Beginning with the line that contains "HOME OF THE" and ending with the line that contains "Livro Picnic Supercruzadas", reproduce the lines of the entries below exactly, omitting pictures.
Dataset content Start Marker
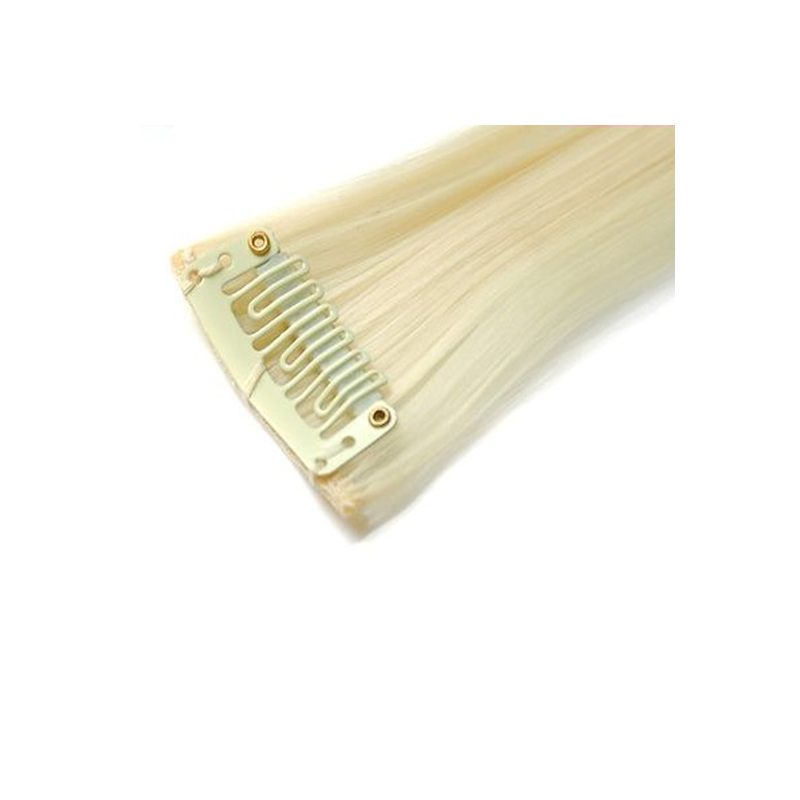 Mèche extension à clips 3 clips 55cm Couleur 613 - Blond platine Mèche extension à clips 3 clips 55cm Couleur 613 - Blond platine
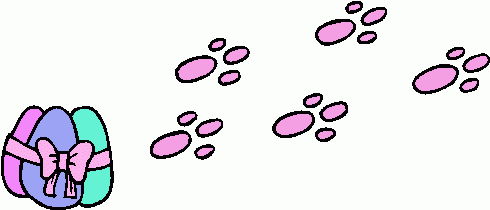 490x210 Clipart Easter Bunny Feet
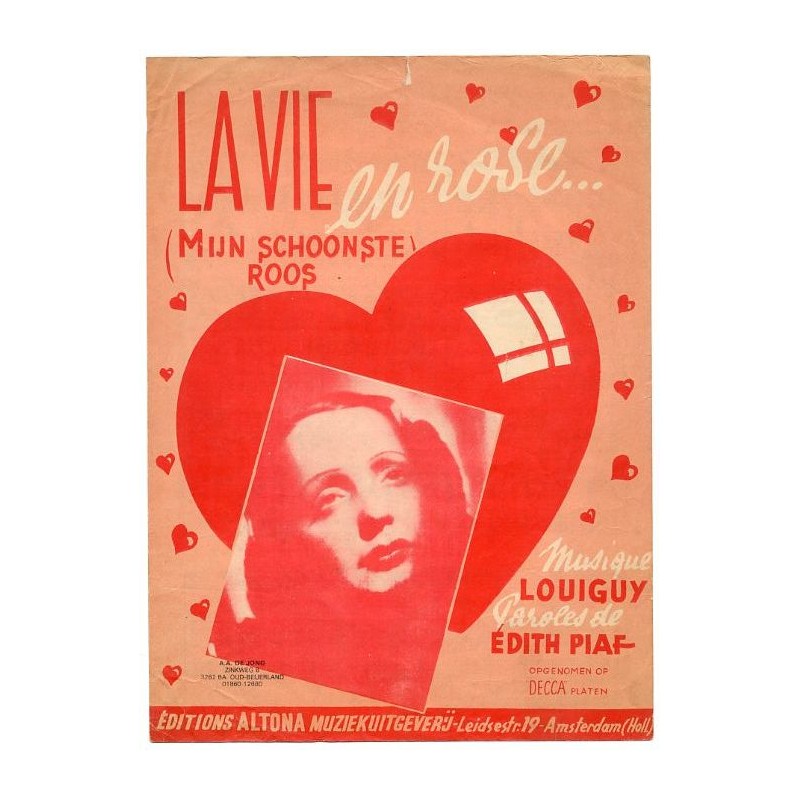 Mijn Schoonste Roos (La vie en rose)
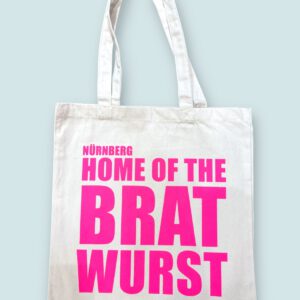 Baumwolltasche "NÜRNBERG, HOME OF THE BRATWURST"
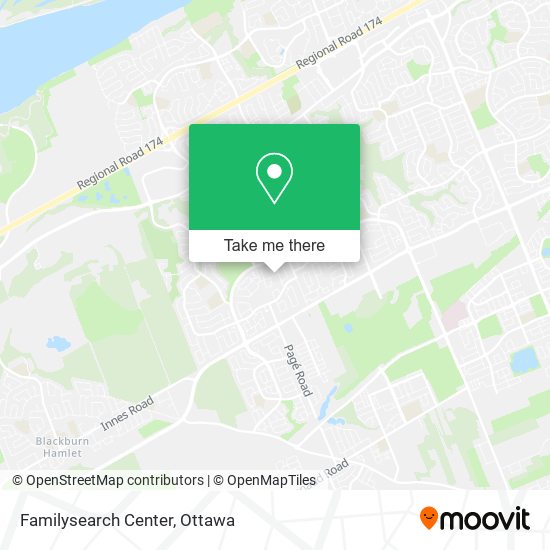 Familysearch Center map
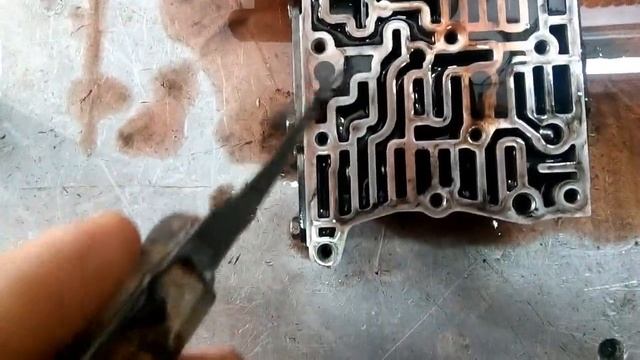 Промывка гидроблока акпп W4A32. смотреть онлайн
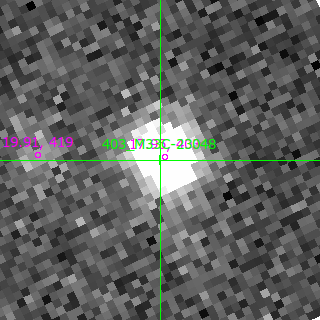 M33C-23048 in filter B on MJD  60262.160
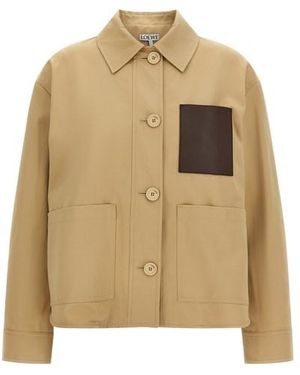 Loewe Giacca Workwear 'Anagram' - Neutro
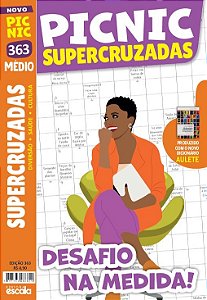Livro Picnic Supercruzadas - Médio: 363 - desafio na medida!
Dataset content End Marker
Dataset content Start Marker
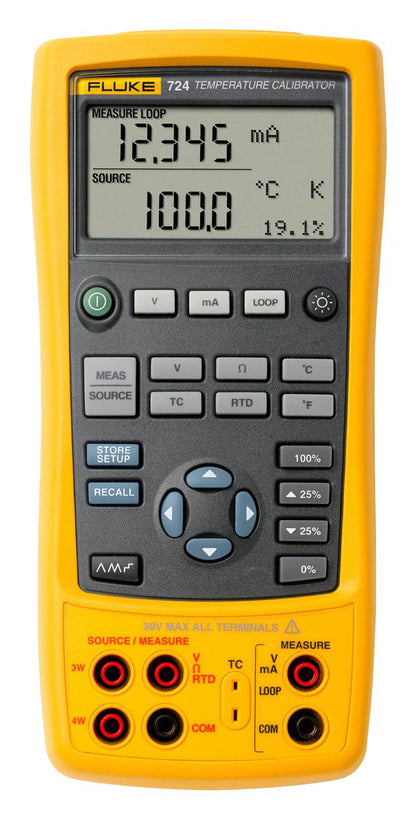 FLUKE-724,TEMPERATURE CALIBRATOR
Dataset content End Marker
### Task result
 Baumwolltasche "NÜRNBERG, HOME OF THE BRATWURST"
 Familysearch Center map
 Промывка гидроблока акпп W4A32. смотреть онлайн
 M33C-23048 in filter B on MJD  60262.160
 Loewe Giacca Workwear 'Anagram' - Neutro
Livro Picnic Supercruzadas - Médio: 363 - desafio na medida!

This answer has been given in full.